Business and home premises are commonly equipped with a security system for detecting alarm conditions and reporting these to a monitoring center. One of the primary functions of the monitoring center is to notify a human operator when one or more alarm conditions have been sensed by detectors installed at a monitored premises.
Detectors may vary from relatively simple hard-wired detectors, such as door or window contacts to more sophisticated battery operated ones, such as motion and glass break detectors. The detectors may each report to an alarm control panel at the premises. The control panel is typically installed in a safe location and is connected to a power supply. The control panel is further in communication with the individual detectors to communicate with or receive signals from individual detectors. The communication between the alarm control panel and the detectors can be one or two way, and may be wired or wireless.
The control panel, in turn, communicates from the premises to the monitoring center typically using any of a number of communications networks, including the public switched telephone network (PSTN); a cellular telephone or data network; a packet switched network (e.g. the Internet), or the like.
In response to receiving a message signalling an alarm condition, the monitoring center usually initiates a communication to one or more designated individuals, and/or to appropriate security personnel. The security personnel may be the police or employees of a private security company. The designated individuals may be residents at the premises or their designees.

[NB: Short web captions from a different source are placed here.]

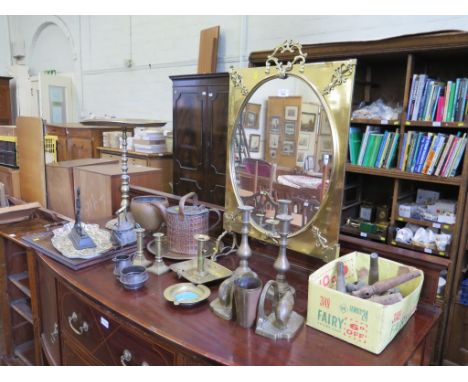 A brass mirrored firescreen, a Regency cast iron doorstep, brass candlesticks, barrel taps and other brassware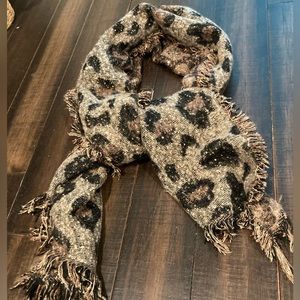 Sequined animal print scarf or wrap.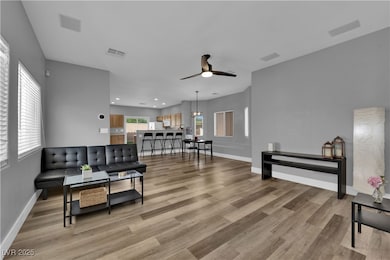 Living room with light wood-style flooring, a ceiling fan, and recessed lighting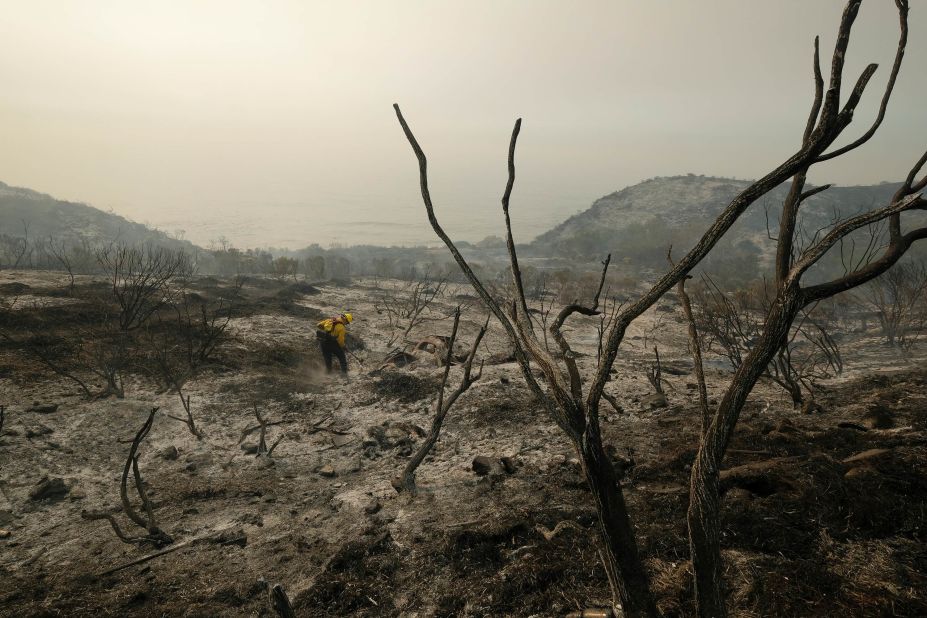 A firefighter puts out a roadside fire in Goleta, California, on Wednesday, October 13.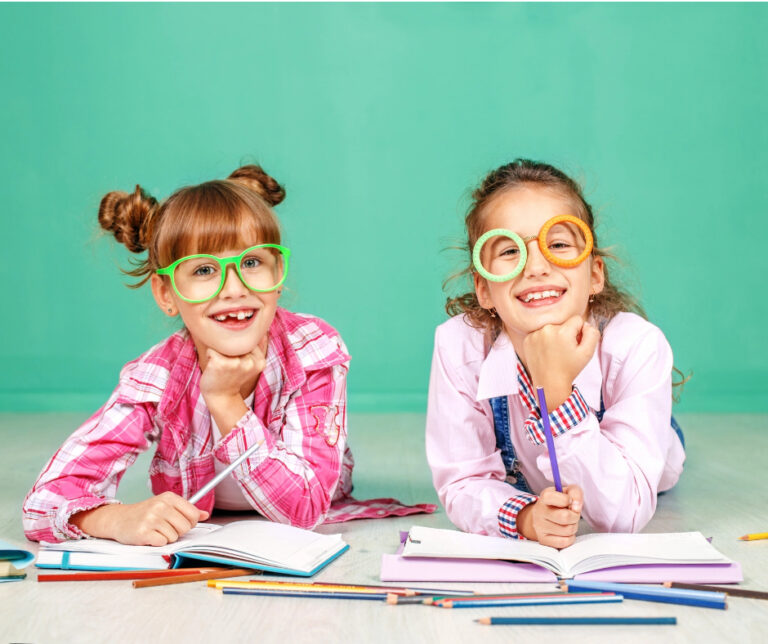 Two young girls wearing colorful glasses and plaid shirts lie on the floor, smiling with open notebooks and colored pencils in front of them.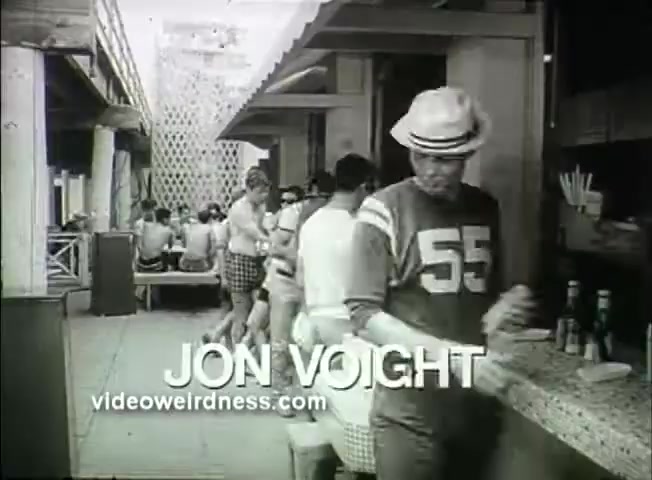 The still features Jon Voight prominently, wearing a sports jersey marked '55' and a straw hat. He appears to be in a casual outdoor setting, possibly at a diner or café, with patrons seated at tables in the background. The black-and-white image gives it a vintage feel that reflects the film's era, likely evoking themes of youth and social interactions. The text at the bottom clearly identifies him and includes a website reference.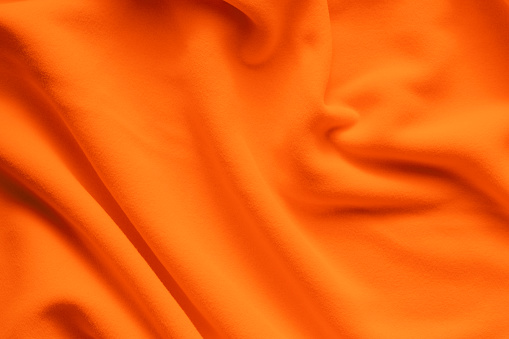 Background texture of bright orange fleece, soft napped insulating fabric made of polyester, wavy pattern, top view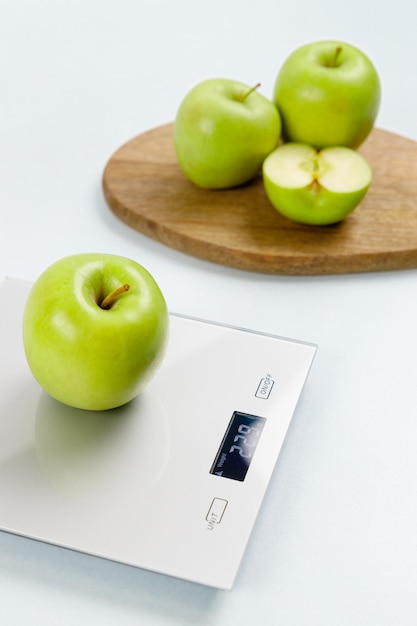 Photo de pomme verte sur une balance de cuisine Sur fond plusieurs pommes sur planche de bois Une saine alimentation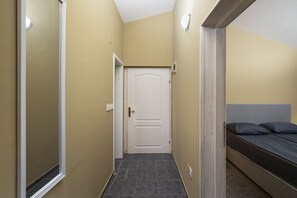 Ein schmaler Flur mit einer Tür, einem Bett mit Kopfteil und einer Wandleuchte.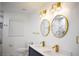 Bathroom featuring dual vanity, gold accents, and marble tile at 2085 High Point Sw Trl, Atlanta, GA 30331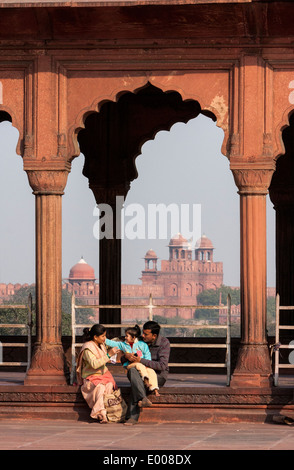 New Delhi, Inde. Famille musulmane à la Jama Masjid (mosquée du vendredi). Fort rouge en arrière-plan. Banque D'Images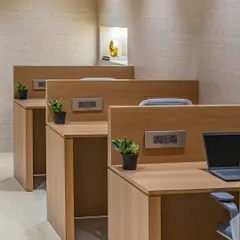 A close-up of the custom workstations, showing the clean lines, integrated power outlets, and the consistent wood laminate finish that ties the entire space together.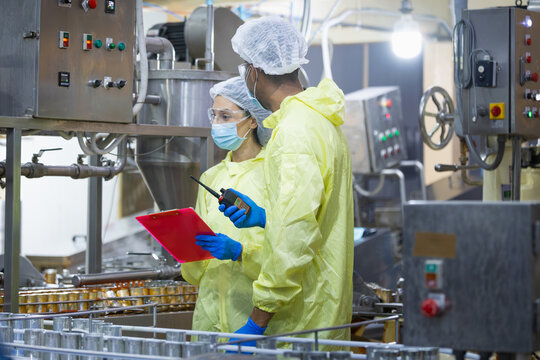 Diverse team of technicians using radio and clipboard to manage automated canning factory, Quality control inspectors in protective suits monitoring canned food production line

Typically (but not always), the communication from the monitoring center to the designated individuals, is by way of telephone call to one or more designated telephone numbers—referred to as call-back numbers. Calls from the monitoring center to designated individuals may notify those individuals of the alarm condition, and confirm that a false alarm has not been signalled.
Calls to security personnel may dispatch appropriate individuals, such as representatives from the police, fire department or the like, to the premises for follow up.
Recently, equipping the premises with microphones and speakers to allow the premises communicate with the monitoring center has also become commonplace. Microphones provide audio signals, representing audio sensed at the microphone to the monitoring center, thereby allowing the monitoring center to monitor audio at the premises in case of an alarm condition. The speakers, in turn, allow an operator at the monitoring center to speak with the premises in real-time. Conveniently, an operator at the monitoring center may listen and react to events at a monitored premise, as they occur. For example, the operator at the monitoring center may speak to an occupant or intruder upon being notified of an alarm condition.
Again, such two way audio communication to the premises may be established by way of a telephone call to a designated call-back number to equipment at the premises.
As the foregoing illustrates, each alarm system may thus be associated with numerous call-back number that should be contacted, often in a particular order, upon occurrence of an alarm condition. Conventionally, the list of call-back numbers is established upon installation of the alarm system and stored at the monitoring center for easy access. Changes to the call-back number(s) may be provided by occupants at the premises, as required, for example by placing a call to an administrator of the monitoring center. However, ensuring that the call-back numbers are current, and allowing for their easy update remains a challenge.
Accordingly, there remains a need for methods and devices that allow for better call-back number provision and retrieval.